Il faut dire que les réalisateurs d’Universal Pictures n’ont pas lésiné : la mise en garde qui figure au générique de fin est du genre bavard. « Les représentations de tabagisme contenues dans ce film ne sont dues qu’à des préoccupations d’ordre artistique et n’ont pas pour objectif de promouvoir la consommation de tabac. Le ministère de la santé a établi que de graves risques de santé sont associés au tabagisme et au tabagisme passif. »
Le cigare de Winston Churchill est politiquement incorrect
Bref, n’allez pas croire qu’en consommant de gros cigares, vous allez gagner la Seconde Guerre mondiale, ni aucune autre d’ailleurs – on vous aura prévenu !
Sous le titre Darkest Hour (« L’Heure la plus sombre »), avec Gary Oldman dans le rôle titre, la sortie du film est prévue au Royaume-Uni le mois prochain et raconte l’action de Churchill au cours de l’année 1940, avec une première scène qui le montre assis, fumant dans une pièce obscure.
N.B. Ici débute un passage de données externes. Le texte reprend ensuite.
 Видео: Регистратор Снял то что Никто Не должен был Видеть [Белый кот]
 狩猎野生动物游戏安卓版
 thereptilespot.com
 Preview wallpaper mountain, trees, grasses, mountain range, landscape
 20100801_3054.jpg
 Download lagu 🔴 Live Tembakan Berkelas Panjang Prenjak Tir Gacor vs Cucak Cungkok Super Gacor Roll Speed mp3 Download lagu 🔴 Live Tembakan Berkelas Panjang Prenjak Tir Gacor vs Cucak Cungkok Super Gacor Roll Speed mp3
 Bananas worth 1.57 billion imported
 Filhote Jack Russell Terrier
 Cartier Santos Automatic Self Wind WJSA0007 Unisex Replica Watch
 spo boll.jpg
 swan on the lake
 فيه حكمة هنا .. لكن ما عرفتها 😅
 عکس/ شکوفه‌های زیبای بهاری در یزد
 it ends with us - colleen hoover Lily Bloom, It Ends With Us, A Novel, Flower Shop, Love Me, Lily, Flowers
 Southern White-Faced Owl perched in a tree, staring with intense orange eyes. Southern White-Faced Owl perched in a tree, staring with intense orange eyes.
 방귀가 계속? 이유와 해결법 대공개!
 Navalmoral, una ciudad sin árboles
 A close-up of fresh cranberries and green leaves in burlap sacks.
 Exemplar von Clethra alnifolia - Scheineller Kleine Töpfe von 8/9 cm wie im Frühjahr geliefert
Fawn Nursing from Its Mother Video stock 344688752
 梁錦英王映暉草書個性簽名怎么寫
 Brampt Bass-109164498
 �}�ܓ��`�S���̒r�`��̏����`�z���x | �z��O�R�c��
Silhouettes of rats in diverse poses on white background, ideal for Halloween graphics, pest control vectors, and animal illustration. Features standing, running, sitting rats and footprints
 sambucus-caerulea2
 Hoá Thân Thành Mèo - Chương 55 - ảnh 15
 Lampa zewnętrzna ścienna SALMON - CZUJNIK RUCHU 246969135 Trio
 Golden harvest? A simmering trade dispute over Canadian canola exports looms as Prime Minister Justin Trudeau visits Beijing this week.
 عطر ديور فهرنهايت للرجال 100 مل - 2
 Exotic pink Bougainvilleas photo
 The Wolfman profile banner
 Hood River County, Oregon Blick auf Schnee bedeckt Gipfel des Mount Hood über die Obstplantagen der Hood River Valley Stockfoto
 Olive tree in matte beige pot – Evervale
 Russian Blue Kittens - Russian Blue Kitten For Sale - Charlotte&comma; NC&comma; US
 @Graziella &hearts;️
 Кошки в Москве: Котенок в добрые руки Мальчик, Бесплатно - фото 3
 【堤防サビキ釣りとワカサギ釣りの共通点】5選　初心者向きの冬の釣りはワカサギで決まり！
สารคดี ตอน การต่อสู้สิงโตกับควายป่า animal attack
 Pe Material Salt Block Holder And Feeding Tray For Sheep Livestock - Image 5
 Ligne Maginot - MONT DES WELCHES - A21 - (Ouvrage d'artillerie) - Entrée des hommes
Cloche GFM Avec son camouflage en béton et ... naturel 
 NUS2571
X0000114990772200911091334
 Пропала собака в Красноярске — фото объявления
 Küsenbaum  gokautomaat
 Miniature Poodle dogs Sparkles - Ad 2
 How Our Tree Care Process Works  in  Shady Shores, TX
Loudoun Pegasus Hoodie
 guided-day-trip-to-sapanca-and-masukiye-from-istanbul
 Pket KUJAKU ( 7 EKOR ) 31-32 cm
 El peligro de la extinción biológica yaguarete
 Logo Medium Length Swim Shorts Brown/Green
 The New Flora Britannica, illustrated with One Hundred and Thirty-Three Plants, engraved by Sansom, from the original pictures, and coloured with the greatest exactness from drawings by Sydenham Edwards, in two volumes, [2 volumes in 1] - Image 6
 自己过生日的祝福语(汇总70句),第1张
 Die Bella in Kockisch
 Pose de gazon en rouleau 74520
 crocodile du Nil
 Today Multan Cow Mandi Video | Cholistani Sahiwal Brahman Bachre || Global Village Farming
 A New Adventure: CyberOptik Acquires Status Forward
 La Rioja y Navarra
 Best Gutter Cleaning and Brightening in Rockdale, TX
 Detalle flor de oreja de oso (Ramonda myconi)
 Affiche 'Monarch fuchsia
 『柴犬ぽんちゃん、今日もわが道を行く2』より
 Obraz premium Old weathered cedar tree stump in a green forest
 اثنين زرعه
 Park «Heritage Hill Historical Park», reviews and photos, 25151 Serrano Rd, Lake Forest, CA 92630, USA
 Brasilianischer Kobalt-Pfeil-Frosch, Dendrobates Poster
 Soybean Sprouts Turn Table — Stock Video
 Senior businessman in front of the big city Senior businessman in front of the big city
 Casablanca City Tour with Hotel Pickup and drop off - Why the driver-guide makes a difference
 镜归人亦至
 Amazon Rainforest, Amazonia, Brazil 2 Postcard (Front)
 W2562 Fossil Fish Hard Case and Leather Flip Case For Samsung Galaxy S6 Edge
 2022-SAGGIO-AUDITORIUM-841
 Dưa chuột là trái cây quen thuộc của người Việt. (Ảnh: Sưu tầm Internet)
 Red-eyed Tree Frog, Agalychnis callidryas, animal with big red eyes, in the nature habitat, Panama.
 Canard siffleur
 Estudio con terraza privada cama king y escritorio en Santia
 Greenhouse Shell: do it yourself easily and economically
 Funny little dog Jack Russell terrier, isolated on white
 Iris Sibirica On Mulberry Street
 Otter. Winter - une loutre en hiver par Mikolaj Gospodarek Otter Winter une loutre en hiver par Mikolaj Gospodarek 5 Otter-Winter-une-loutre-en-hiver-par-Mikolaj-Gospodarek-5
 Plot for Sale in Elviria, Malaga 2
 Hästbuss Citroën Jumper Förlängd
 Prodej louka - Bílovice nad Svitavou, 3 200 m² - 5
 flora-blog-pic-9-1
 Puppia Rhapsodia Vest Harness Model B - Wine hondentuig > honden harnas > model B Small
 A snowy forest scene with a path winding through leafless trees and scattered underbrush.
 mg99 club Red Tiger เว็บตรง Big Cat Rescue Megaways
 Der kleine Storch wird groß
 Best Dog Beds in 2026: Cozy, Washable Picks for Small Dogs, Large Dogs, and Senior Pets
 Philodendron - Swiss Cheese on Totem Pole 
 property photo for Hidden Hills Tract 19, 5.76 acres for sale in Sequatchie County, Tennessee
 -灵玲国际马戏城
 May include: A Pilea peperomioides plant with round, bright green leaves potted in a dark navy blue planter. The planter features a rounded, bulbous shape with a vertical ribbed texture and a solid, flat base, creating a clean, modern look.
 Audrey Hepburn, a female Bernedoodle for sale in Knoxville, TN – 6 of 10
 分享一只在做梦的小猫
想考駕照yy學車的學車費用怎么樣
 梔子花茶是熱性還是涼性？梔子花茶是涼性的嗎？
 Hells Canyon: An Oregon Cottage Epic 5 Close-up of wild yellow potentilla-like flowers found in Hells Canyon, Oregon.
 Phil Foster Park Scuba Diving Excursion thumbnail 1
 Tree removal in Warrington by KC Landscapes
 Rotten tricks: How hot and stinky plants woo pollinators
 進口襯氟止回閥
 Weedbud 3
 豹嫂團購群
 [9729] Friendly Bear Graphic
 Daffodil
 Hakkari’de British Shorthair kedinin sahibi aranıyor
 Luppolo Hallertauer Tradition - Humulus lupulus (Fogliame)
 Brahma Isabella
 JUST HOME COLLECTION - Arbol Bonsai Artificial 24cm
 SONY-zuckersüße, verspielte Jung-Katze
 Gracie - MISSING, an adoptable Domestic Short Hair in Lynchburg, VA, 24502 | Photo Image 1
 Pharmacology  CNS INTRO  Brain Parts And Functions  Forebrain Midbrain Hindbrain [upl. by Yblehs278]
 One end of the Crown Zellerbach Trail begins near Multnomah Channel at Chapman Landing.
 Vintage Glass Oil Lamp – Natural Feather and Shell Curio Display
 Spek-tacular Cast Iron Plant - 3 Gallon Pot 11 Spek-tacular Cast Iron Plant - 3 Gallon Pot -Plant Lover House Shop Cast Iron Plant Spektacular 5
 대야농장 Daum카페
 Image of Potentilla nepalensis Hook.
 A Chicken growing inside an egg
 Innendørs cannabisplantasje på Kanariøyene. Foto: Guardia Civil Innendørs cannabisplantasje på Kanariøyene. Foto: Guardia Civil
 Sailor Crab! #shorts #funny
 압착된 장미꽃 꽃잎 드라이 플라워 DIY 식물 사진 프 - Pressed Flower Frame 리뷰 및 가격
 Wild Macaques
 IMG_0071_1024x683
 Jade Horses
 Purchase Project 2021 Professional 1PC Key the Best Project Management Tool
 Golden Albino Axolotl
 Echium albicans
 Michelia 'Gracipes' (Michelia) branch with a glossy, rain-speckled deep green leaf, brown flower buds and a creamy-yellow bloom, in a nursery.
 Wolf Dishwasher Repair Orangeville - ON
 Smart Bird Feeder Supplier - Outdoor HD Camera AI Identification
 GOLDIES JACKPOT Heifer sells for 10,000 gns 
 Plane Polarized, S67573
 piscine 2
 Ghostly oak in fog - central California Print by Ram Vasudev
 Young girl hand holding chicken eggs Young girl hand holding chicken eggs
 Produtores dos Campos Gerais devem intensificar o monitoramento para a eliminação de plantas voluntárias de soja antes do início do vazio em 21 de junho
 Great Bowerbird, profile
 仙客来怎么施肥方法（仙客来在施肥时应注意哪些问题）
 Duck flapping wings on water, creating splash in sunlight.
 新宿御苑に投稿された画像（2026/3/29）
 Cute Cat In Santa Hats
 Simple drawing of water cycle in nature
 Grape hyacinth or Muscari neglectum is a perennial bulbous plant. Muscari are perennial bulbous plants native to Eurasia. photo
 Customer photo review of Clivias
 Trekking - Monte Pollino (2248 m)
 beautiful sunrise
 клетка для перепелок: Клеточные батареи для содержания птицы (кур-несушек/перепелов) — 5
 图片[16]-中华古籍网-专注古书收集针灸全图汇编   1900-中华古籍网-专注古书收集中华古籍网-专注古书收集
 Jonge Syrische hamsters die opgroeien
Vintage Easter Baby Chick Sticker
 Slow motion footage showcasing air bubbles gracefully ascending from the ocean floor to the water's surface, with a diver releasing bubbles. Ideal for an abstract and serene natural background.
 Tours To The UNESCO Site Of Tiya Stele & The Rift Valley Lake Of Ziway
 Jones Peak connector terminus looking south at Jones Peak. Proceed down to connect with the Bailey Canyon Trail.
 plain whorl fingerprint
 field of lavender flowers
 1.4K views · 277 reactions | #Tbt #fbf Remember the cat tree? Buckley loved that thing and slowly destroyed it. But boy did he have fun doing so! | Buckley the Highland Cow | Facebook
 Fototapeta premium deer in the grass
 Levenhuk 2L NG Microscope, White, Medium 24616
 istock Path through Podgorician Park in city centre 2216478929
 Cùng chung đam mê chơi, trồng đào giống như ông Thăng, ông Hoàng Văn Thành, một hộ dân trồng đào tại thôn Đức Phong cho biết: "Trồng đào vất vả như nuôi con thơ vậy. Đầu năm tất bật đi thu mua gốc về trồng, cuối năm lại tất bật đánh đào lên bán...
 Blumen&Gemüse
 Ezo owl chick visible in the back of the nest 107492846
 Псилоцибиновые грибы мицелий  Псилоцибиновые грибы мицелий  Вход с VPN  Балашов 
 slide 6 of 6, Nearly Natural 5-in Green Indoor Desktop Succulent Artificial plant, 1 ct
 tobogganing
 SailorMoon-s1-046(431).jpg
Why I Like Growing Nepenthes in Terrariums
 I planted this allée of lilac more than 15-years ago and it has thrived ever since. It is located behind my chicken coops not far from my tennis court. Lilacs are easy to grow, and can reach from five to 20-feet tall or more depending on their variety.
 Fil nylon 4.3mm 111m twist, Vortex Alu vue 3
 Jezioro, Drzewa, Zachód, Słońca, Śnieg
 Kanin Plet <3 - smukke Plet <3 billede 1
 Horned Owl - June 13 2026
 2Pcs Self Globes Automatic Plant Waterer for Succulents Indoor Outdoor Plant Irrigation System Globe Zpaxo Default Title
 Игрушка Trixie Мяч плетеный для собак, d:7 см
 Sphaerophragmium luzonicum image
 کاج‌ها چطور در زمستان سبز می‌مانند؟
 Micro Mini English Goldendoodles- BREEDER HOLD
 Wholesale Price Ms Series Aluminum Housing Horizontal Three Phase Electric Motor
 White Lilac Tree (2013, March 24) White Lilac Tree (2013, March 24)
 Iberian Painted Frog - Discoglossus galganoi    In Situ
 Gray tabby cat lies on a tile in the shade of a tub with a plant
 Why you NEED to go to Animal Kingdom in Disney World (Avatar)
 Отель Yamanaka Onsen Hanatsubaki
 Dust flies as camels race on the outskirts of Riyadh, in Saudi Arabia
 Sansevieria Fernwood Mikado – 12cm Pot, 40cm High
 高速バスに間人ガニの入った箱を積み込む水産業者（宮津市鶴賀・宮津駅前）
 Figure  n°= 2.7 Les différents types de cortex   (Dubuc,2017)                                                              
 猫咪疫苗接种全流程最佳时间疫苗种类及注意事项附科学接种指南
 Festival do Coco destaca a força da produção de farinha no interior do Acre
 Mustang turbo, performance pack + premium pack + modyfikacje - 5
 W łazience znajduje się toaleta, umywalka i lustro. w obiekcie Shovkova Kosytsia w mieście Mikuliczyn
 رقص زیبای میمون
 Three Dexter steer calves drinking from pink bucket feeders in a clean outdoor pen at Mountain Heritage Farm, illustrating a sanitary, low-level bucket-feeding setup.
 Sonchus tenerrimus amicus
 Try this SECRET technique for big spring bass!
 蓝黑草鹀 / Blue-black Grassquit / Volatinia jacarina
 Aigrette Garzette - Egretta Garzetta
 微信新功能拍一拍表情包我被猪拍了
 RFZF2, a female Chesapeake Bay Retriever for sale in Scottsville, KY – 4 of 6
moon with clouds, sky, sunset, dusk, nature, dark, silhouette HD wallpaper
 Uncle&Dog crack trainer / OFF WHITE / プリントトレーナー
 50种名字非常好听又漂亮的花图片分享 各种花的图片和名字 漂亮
La deuxième transporte le spectateur dans le métro de Londres, où, fumant toujours, Winston Churchill se penche sur un bébé de cinq mois. C’est sans doute beaucoup plus grave que de balancer des bombes sur Dresde ou de partager le monde entre l’Union soviétique et l’Occident, comportement auquel n’est associé aucun avertissement. Faisant cela, Churchill était pourtant nettement plus dangereux pour l’humanité, et même pour la planète.
Censure dans un nouveau film sur Winston Churchill : filtrage de mouches
Pour Mary Beard, professeur d’humanités à Cambridge, la censure « ne fera qu’ajouter à la tentation » de fumer. Un autre historien de Cambridge, spécialisé en histoire européenne contemporaine, Richard Evans, pense au contraire : « Je n’imagine pas que ce film va inciter beaucoup de gens à se précipiter pour acheter des cigares. »
Le biographe Hugo Vickers s’amuse, quant à lui. Les réalisateurs auraient dû ajouter une ligne à son avis : « Sir Winston Churchill a atteint l’âge de 90 ans. »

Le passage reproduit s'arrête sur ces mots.